Here's a quick recap: Hexember is a series of semi-daily blogposts where I detail a hex and its points of interest, tailored for OSR hexcrawls (but compatible with most games). If you need a simple procedure for exploring hexes, I included one in the first entry!
CHRONAL WASTES
✦ At first glance
A magical catastrophe has befallen these lands, causing the landscape to constantly flicker between different eras, ranging from an Ice Age, a post-industrial, nightmarish wasteland or a barren battlefield filled with trenches and corpses. Sometimes, it stays in an era for hours. Other times, it changes several times in the span of a minute. The only predictable things about the Chronal Wastes are its unpredictability, and the fact that any living things trapped in its many eras normally can't interact with travelers, for they are stuck in an unbreakable loop.
1-2. The Disaster
The vast majority of the Chronal Wastes is comprised by an area known simply as the Disaster. For every hour spent in this area, roll a d20.
- 1-5, the wastes manifest as idyllic fields of prismatic flowers, constantly changing shapes and colors. Those flowers can be picked and sold, though they'll become normal flowers in d4 days. Herbalists, druids and mages will pay at least 20 copper coins per flower.
- 6-12, the wastes are undergoing an Ice Age. Unless they are appropriately dressed for the freezing cold, the party will suffer d6 damage for every hour spent braving the elements.

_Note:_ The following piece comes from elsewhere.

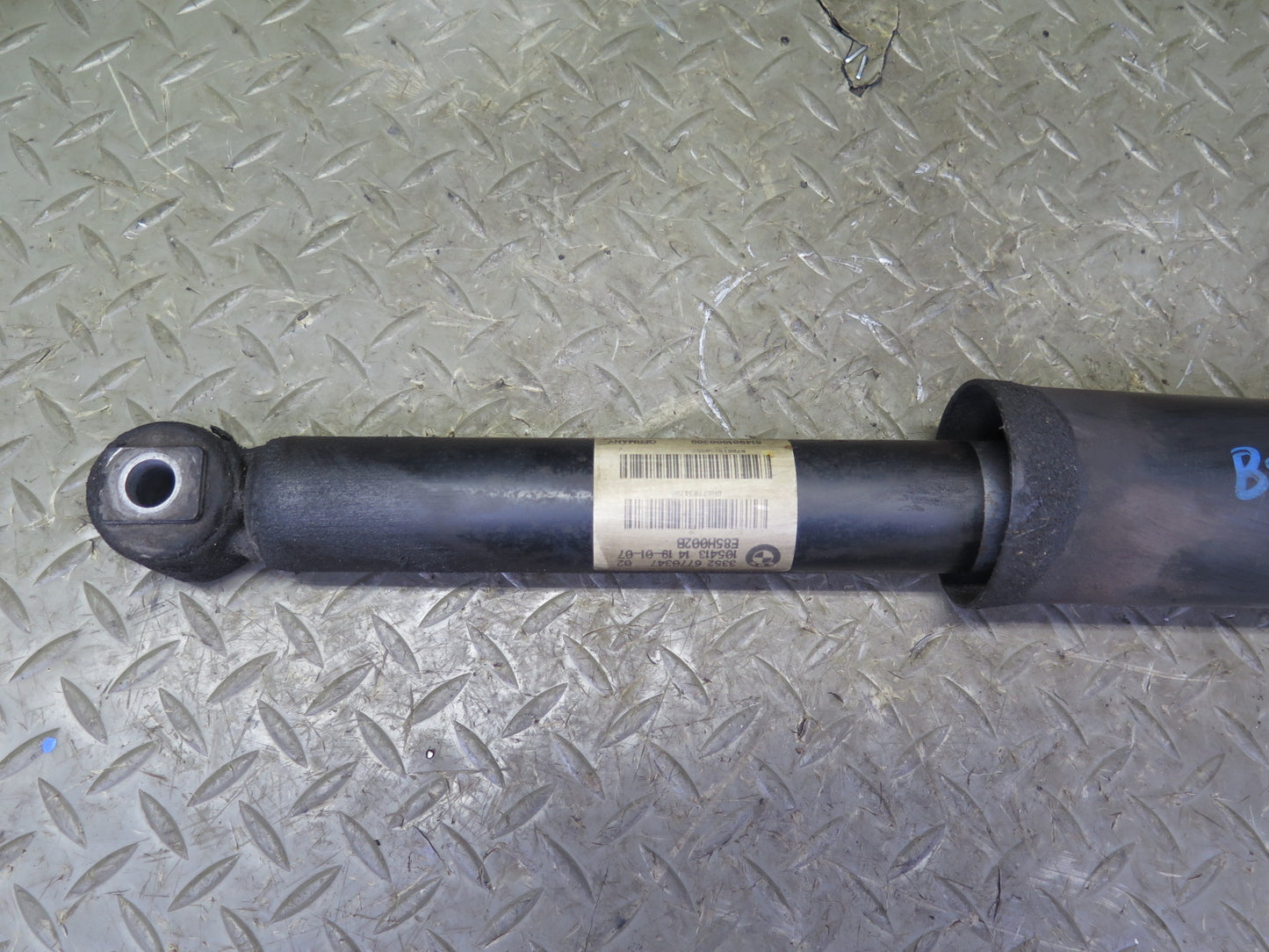 06-08 BMW E85 Z4 M-sport Set of 2 Rear Left & Right Strut Shock Absorber OEM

- 13-16, a time-storm will be raging through the area, violently mixing traits from every conceivable era and preventing any progress from being made in a journey until it settles. When a traveler survives a time-storm, they emerge a few years younger or older from it. Roll 3d6: the first determines whether a character becomes younger (odds) or older (evens), the second determines how many years they gain or lose, and the third determines how many days it takes for them to get back to normal.
- 17-19,
the party finds itself in the middle of every war that's ever been or
ever will be fought in these lands. Although the combatants will usually
ignore them, the party has a 2-in-6 chance of being perceived as
enemies by a squad of d8+2 soldiers wearing elegant uniforms and
carrying 18th century firearms. If the characters fight and defeat those
soldiers, they can keep the firearms and enough ammo for three
encounters.
- 20, roll 2d20 and combine the results.
3. The Royal Academy of Chronomancy
The very source of the Chronal Wastes and the former authority on time magic, the Royal Academy of Chronomancy fell victim to its own hubris. Whatever caused the Disaster, it's too late to fix it, but the Academy may still offer knowledge for those willing to risk repeating their mistakes. When the party visits the Academy, roll a d6 to determine the state they find it in:
- 1-2, the Academy has yet to be built, and all the party finds are its foundations, rich in chronal energy. A sufficiently powerful mage will be capable of detecting these energies, which can be used to immediately replenish all of their spells and any spent scrolls.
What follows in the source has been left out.